_WHAT IS REQUIRED_
Nothing but the lines from the one containing "Usado Audi Q7" through the one containing "Cabo coaxial DeLOCK", both included, should be given again, each exactly as written below.

_WORKING DATA_
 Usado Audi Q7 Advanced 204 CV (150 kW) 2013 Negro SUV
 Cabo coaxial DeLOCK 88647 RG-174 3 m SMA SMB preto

---

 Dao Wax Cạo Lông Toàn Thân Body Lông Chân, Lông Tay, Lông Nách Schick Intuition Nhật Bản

_TASK RESULT_
 Usado Audi Q7 Advanced 204 CV (150 kW) 2013 Negro SUV
 Cabo coaxial DeLOCK 88647 RG-174 3 m SMA SMB preto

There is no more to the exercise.